What is the fastest way to combine 100 CSV files with headers into one?
Question:
What is the fastest way to combine 100 CSV files with headers into one with the following setup:
- The total size of files is 200 MB. (The size is reduced to make the
computation time visible)
- The files are located on an SSD with a maximum speed of 240 MB/s.
- The CPU has 4 cores so multi-threading and multiple processes are
allowed.
- There exists only one node (important for Spark)
- The available memory is 15 GB. So the files easily fit into memory.
- The OS is Linux (Debian Jessie)
- The computer is actually a n1-standard-4 instance in Google Cloud.
(The detailed setup was included to make the scope of the question more specific. The changes were made according to the feedback here)
File 1.csv:
a,b
1,2
File 2.csv:
a,b
3,4
Final out.csv:
a,b
1,2
3,4
According to my benchmarks the fastest from all the proposed methods is pure python.

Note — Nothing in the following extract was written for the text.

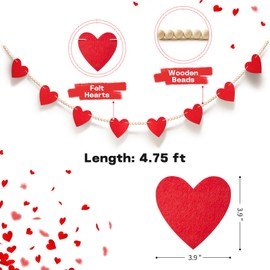 Ohuimrt Valentines Day Decoration, Valentines Banner with Red Felt Hearts and Wooden Beads Valentine Garland for Mantle, Wall, Fireplace, Party, Home Decor
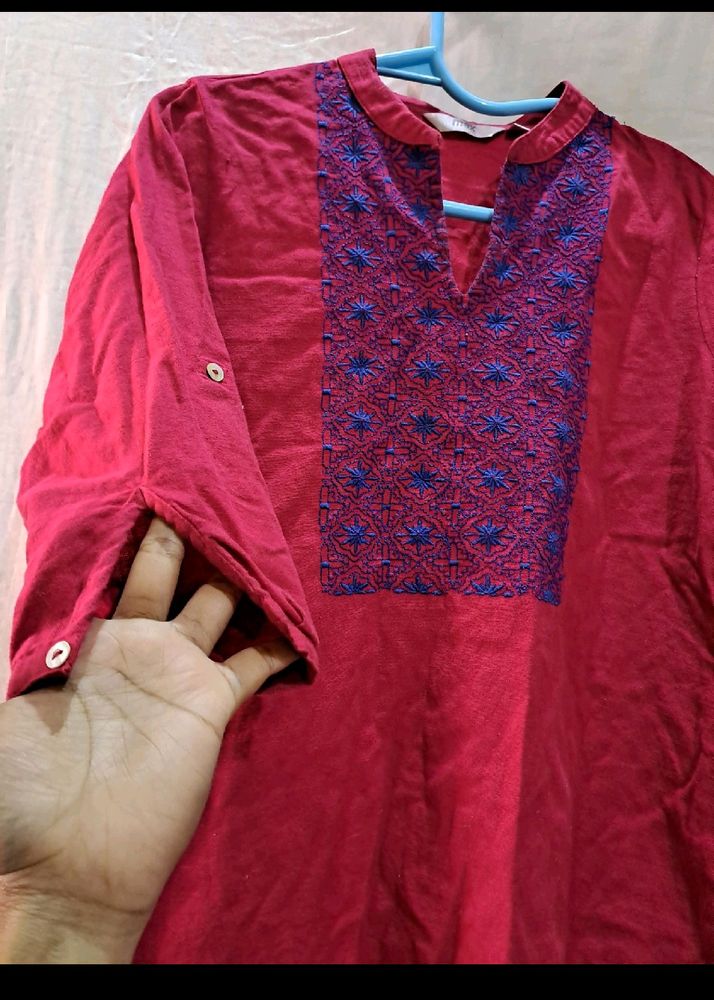 Bright Red Short Kurti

Is there any faster method?
Benchmarks (Updated with the methods from comments and posts):
Method Time
pure python 0.298s
sed 1.9s
awk 2.5s
R data.table 4.4s
R data.table with colClasses 4.4s
Spark 2 40.2s
python pandas 1min 11.0s
Versions of tools:
sed 4.2.2
awk: mawk 1.3.3 Nov 1996
Python 3.6.1
Pandas 0.20.1
R 3.4.0
data.table 1.10.4
Spark 2.1.1
Code in Jupyter notebooks:
sed:
%%time
!head temp/in/1.csv > temp/merged_sed.csv
!sed 1d temp/in/*.csv >> temp/merged_sed.csv
Pure Python all binary read-write with undocumented behavior of “next”:
%%time
with open("temp/merged_pure_python2.csv","wb") as fout:
# first file:
with open("temp/in/1.csv", "rb") as f:
fout.write(f.read())
# now the rest:
for num in range(2,101):
with open("temp/in/"+str(num)+".csv", "rb") as f:
next(f) # skip the header
fout.write(f.read())
awk:
%%time
!awk 'NR==1; FNR==1{{next}} 1' temp/in/*.csv > temp/merged_awk.csv
R data.table:
%%time
%%R
filenames <- paste0("temp/in/",list.files(path="temp/in/",pattern="*.csv"))

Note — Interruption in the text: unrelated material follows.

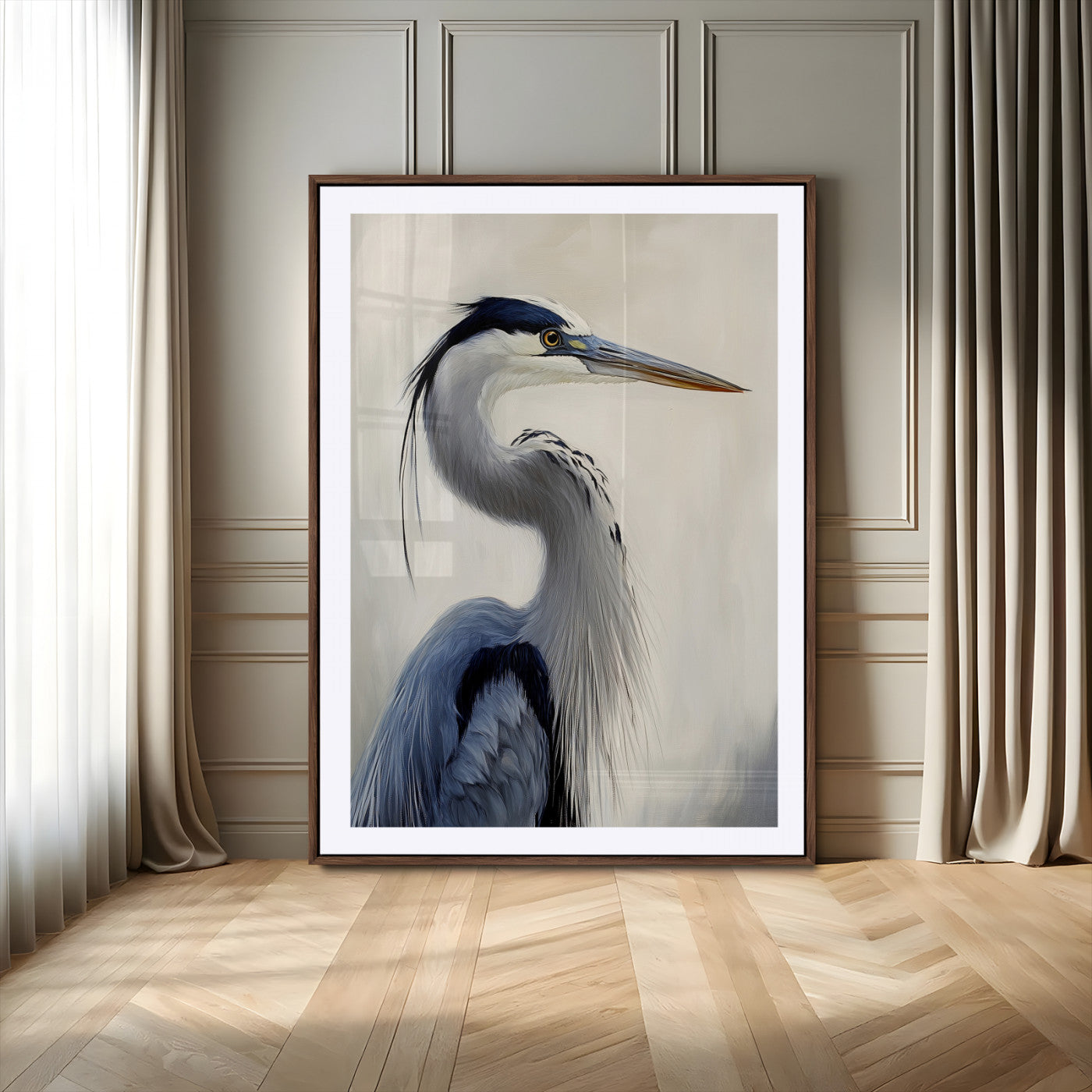 Elegant blue heron in profile with soft brush detail and neutral tones, ideal for nature-themed or coastal minimalist interiors.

files <- lapply(filenames, fread)
merged_data <- rbindlist(files, use.names=F)
fwrite(merged_data, file="temp/merged_R_fwrite.csv", row.names=FALSE)
R data.table with colClasses:
%%time
%%R
filenames <- paste0("temp/in/",list.files(path="temp/in/",pattern="*.csv"))
files <- lapply(filenames, fread,colClasses=c(
V1="integer",
V2="integer",
V3="integer",
V4="integer",
V5="integer",
V6="integer",
V7="integer",
V8="integer",
V9="integer",
V10="integer"))
merged_data <- rbindlist(files, use.names=F)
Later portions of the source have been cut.